4. Researchers Find VS Code Flaw Allowing Attackers to Republish Deleted Extensions Under Same Names

Cybersecurity researchers uncovered a loophole in the Visual Studio Code Marketplace that allows removed extension names to be reused. ReversingLabs found this after spotting a malicious extension, ahbanC.shiba, which mimicked earlier flagged extensions, ahban.shiba and ahban.cychelloworld. All three acted as downloaders, retrieving a PowerShell payload that encrypts files in a folder named “testShiba” and demands Shiba Inu tokens.

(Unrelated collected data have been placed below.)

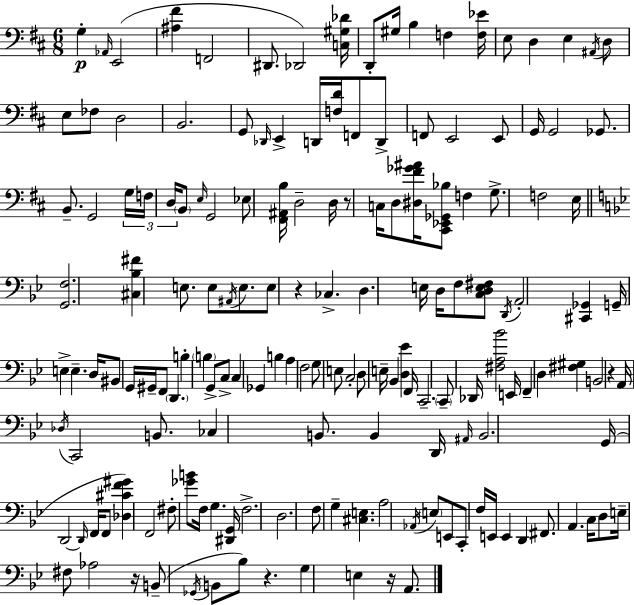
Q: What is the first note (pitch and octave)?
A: G3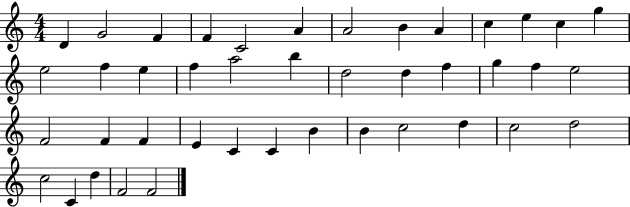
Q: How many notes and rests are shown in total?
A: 42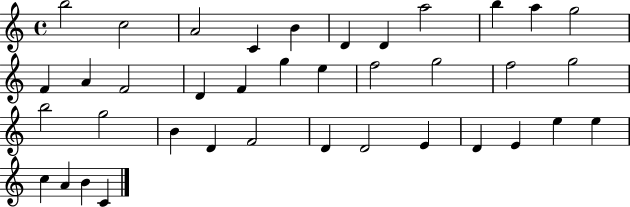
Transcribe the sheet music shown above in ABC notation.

X:1
T:Untitled
M:4/4
L:1/4
K:C
b2 c2 A2 C B D D a2 b a g2 F A F2 D F g e f2 g2 f2 g2 b2 g2 B D F2 D D2 E D E e e c A B C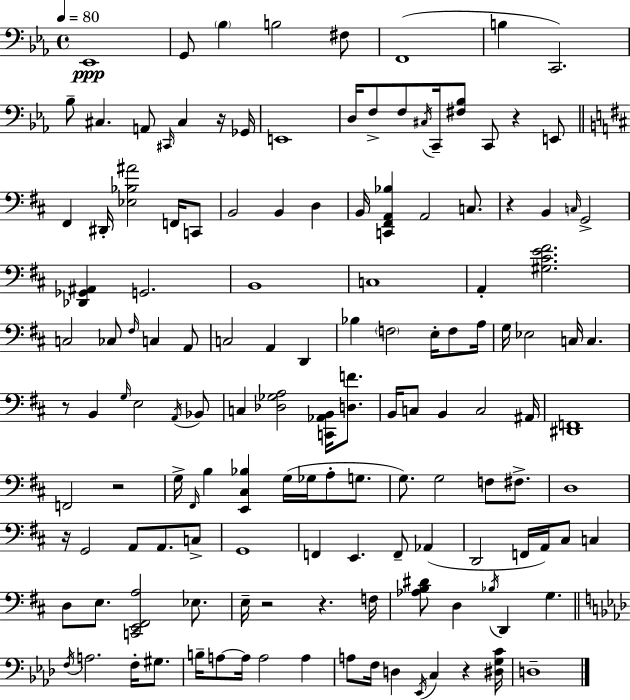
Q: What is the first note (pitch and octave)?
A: Eb2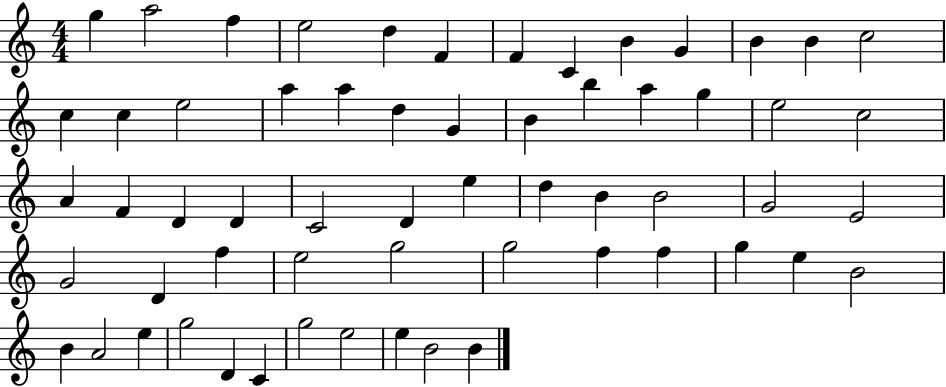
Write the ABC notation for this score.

X:1
T:Untitled
M:4/4
L:1/4
K:C
g a2 f e2 d F F C B G B B c2 c c e2 a a d G B b a g e2 c2 A F D D C2 D e d B B2 G2 E2 G2 D f e2 g2 g2 f f g e B2 B A2 e g2 D C g2 e2 e B2 B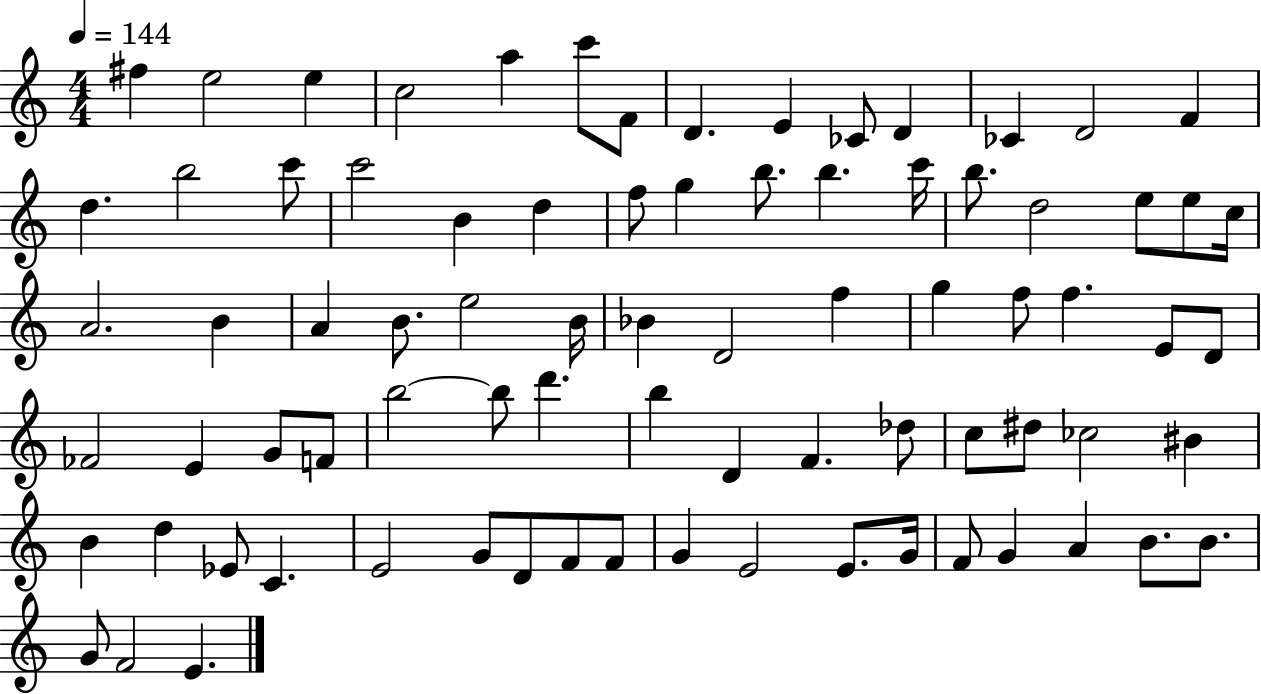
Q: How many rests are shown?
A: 0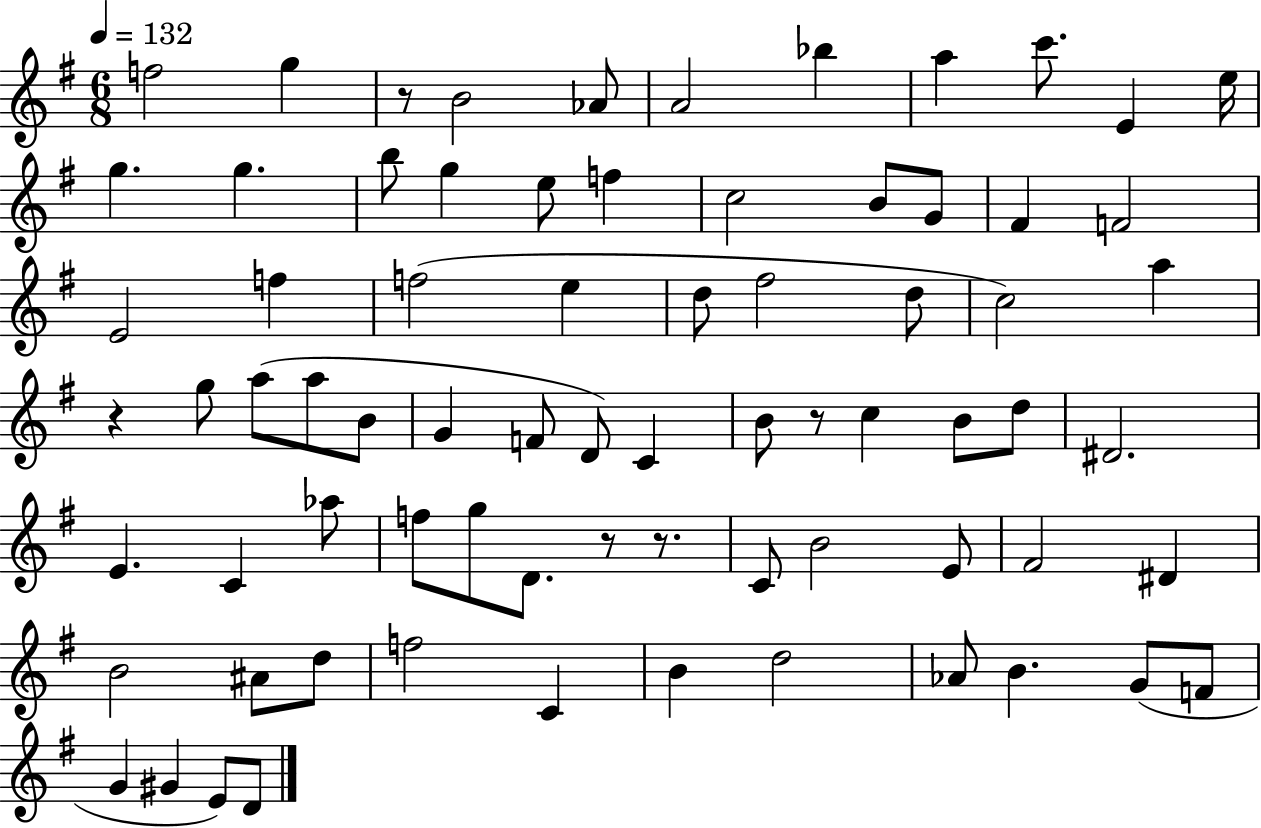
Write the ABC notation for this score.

X:1
T:Untitled
M:6/8
L:1/4
K:G
f2 g z/2 B2 _A/2 A2 _b a c'/2 E e/4 g g b/2 g e/2 f c2 B/2 G/2 ^F F2 E2 f f2 e d/2 ^f2 d/2 c2 a z g/2 a/2 a/2 B/2 G F/2 D/2 C B/2 z/2 c B/2 d/2 ^D2 E C _a/2 f/2 g/2 D/2 z/2 z/2 C/2 B2 E/2 ^F2 ^D B2 ^A/2 d/2 f2 C B d2 _A/2 B G/2 F/2 G ^G E/2 D/2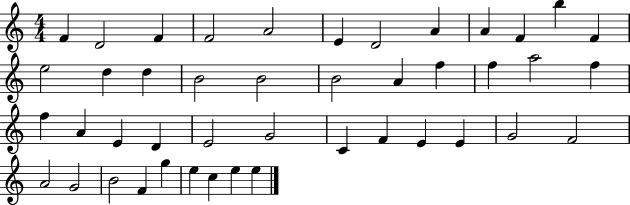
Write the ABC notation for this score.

X:1
T:Untitled
M:4/4
L:1/4
K:C
F D2 F F2 A2 E D2 A A F b F e2 d d B2 B2 B2 A f f a2 f f A E D E2 G2 C F E E G2 F2 A2 G2 B2 F g e c e e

The issue arises because extension uniqueness is tied to the combination of publisher name and extension name. When an extension is removed, its name becomes reusable by others, bypassing official publishing rules. Unlike PyPI, VS Code does not block reuse of names from malicious extensions.

The finding highlights risks of open-source repositories, where attackers use typosquatting and obfuscation to deliver malware, steal data, or demand ransoms. Experts stress the need for secure development practices, monitoring, and automated supply chain scanning to mitigate such threats.